Culture

Dominique A: «Un artiste solitaire peut changer de son d’un jour à l’autre»

Article publié le 9 octobre 2009
Article publié le 9 octobre 2009
Un arc rock, une flèche poétique qui vibre en français. A 41 ans, Dominique A évite les clichés musicaux et les effets de mode. Son double album La musique/La matière est sorti en avril 2009. Rencontre sur le Route du rock.

Dominique Ané est monté sur la scène de la Route du rock de Saint-Malo au mois d’août dernier, avec seulement une boîte à rythme, un synthétiseur et une guitare. Personne d’autre que lui face à ces instruments. Comme quand il « samplait » les sons qu’il produisait pour se transformer en orchestre, au début des années 1990. Cette fois le son est encore plus synthétique et répétitif, explorant la langue française là où d’autres artistes ne s’y risqueraient pas. « Je crois qu’il s’agit d’une question de personnalité. Si tu chantes en français, avec une guitare pop rock, c’est difficile d’être naturel. Moi pourtant, il ne m’a pas fallu longtemps pour être à l’aise avec cette langue. Durant mon adolescence, j’avais commencé à écrire en anglais et je me suis rendu compte que ce n’était pas très réel », se souvient Dominique A, quelques heures avant de monter sur la scène du Fort Saint-Pierre, succédant à Bill Callahan et Andrew Bird.

« Si tu chantes en français, avec une guitare pop rock, c’est difficile d’être naturel »

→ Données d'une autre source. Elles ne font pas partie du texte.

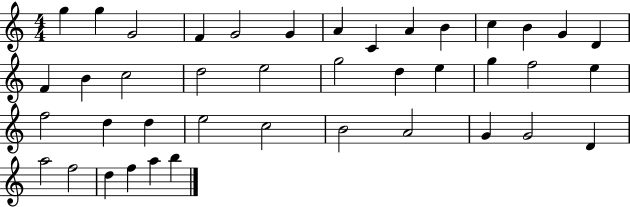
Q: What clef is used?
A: treble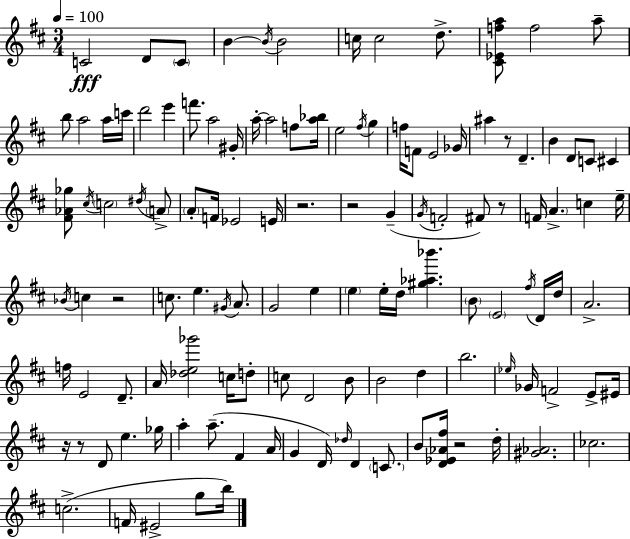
{
  \clef treble
  \numericTimeSignature
  \time 3/4
  \key d \major
  \tempo 4 = 100
  \repeat volta 2 { c'2\fff d'8 \parenthesize c'8 | b'4~~ \acciaccatura { b'16 } b'2 | c''16 c''2 d''8.-> | <cis' ees' f'' a''>8 f''2 a''8-- | \break b''8 a''2 a''16 | c'''16 d'''2 e'''4 | f'''8. a''2 | gis'16-. a''16-.~~ a''2 f''8 | \break <a'' bes''>16 e''2 \acciaccatura { fis''16 } g''4 | f''16 f'8 e'2 | ges'16 ais''4 r8 d'4.-- | b'4 d'8 c'8 cis'4 | \break <fis' aes' ges''>8 \acciaccatura { cis''16 } \parenthesize c''2 | \acciaccatura { dis''16 } \parenthesize a'8-> \parenthesize a'8-. f'16 ees'2 | e'16 r2. | r2 | \break g'4--( \acciaccatura { g'16 } f'2-. | fis'8) r8 f'16 \parenthesize a'4.-> | c''4 e''16-- \acciaccatura { bes'16 } c''4 r2 | c''8. e''4. | \break \acciaccatura { gis'16 } a'8. g'2 | e''4 \parenthesize e''4 e''16-. | d''16 <gis'' aes'' bes'''>4. \parenthesize b'8 \parenthesize e'2 | \acciaccatura { fis''16 } d'16 d''16 a'2.-> | \break f''16 e'2 | d'8.-- a'16 <des'' e'' ges'''>2 | c''16 d''8-. c''8 d'2 | b'8 b'2 | \break d''4 b''2. | \grace { ees''16 } ges'16 f'2-> | e'8-> eis'16 r16 r8 | d'8 e''4. ges''16 a''4-. | \break a''8.--( fis'4 a'16 g'4 | d'16) \grace { des''16 } d'4 \parenthesize c'8. b'8 | <d' ees' aes' fis''>16 r2 d''16-. <gis' aes'>2. | ces''2. | \break c''2.->( | f'16 eis'2-> | g''8 b''16) } \bar "|."
}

C’est à 40 ans que ce chanteur né en région parisienne et qui a grandi à Nantes, a décidé de s’acheter un studio numérique de 32 pistes, malgré ses réticences pour l’informatique. Il a ainsi commencé à enregistrer des chansons en solitaire comme s’il reproduisait son premier disque, La fossette, sorti en 1992... 17 ans plus tard. « Je ne pensais pas arriver comme ça jusqu’à la fin du disque. Je croyais au début que je terminerais les chansons avec d’autres musiciens. En réalité, je me suis tendu un piège à moi-même car j’avais bien envie d’aller jusqu’au bout pour voir comment j’avais évolué par rapport à mes débuts. C’était aussi une façon de retrouver le son de La fossette et, en même temps, de m’en éloigner. » 

(©Vicenç Batalla)

Travailler la Matière

Le résultat de ce travail, c’est l’album La musique, douze chansons disponibles dans les bacs et une édition ‘collector’, La matière, douze autre morceaux plus expérimentaux. « L’idée de La musique était de proposer des chansons pour toucher un public profane, à l’aide de morceaux accessibles comme des portes d’entrée dans ma musique. Je ne suis pas sûre d’y être parvenu. Je n’irai pas plus loin », reconnait le musicien qui ne semble pas trop s’inquiéter des réactions. « L’album se vend bien, poursuit-il. C’est un succès discret. Je ne vais pas me plaindre. Ce système m’a permis de réaliser le second album, avec des morceaux plus difficiles que je ne voulais pas sacrifier car ils me plaisaient tout autant. » La musique/ La matière synthétise deux périodes : celle de Tout sera comme avant (2004) alors que Dominique A quittait ses racines indie, entouré des mêmes producteurs que ceux d’Alain Bashung et de l’Orchestre symphonique de Bulgarie ; et celle de L’horizon (2006), et son dispositif plus familier, enregistré par Dominique Brusson dans un studio bruxellois.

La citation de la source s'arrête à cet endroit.